Come spiega Lorenz Naegeli, giornalista che con Anna Jikhareva, Jan Jiràt, Judith Kormann, e Kaspar Surber, ha preso parte all’inchiesta internazionale per la testata svizzera Woz, il tema è complesso. “Le aziende hanno l’obbligo di dichiarare le proprie operazioni di esportazione all’autorità competente, ma il controllo sulla produzione e il commercio di software è difficile. Le strutture di produzione sono piccole e mobili, e spesso diverse componenti vengono prodotte in luoghi diversi. Inoltre, c’è un margine di elusione molto ampio: è difficile verificare se in un computer esportato sia presente un software malevolo”.
La SECO e l’Ufficio federale delle dogane e della sicurezza delle frontiere sono in prima linea a dover affrontare questi problemi.
“Sarebbe estremamente importante che le aziende di questo settore siano soggette a una notifica obbligatoria generale”, commenta Lorenz Naegeli.

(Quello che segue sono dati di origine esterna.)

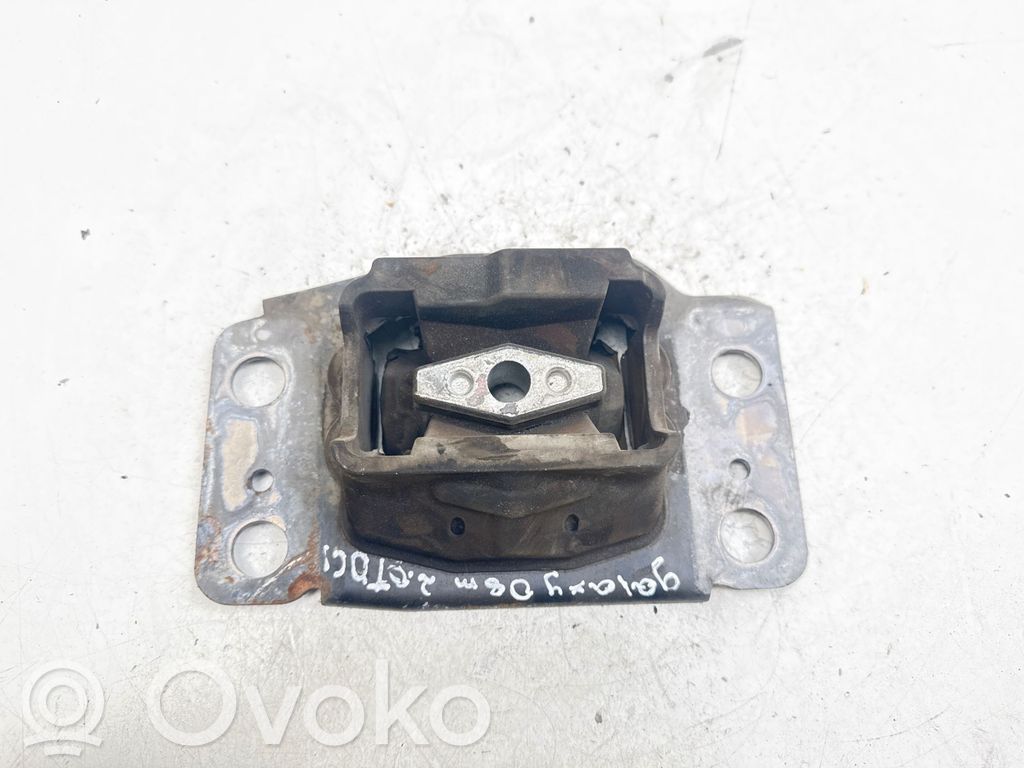 Ford Galaxy Engine mount bracket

Più risoluta è la conclusione di Angès Callamard: “data l’inefficacia della regolamentazione, dimostrata più volte, l’uso di spyware altamente invasivi come Predator deve essere reso illegale”.
L’inchiesta “Predator files” nel frattempo va avanti. Le testate che vi hanno partecipato annunciano che ci saranno ulteriori sviluppi. E promettono nuove rivelazioni.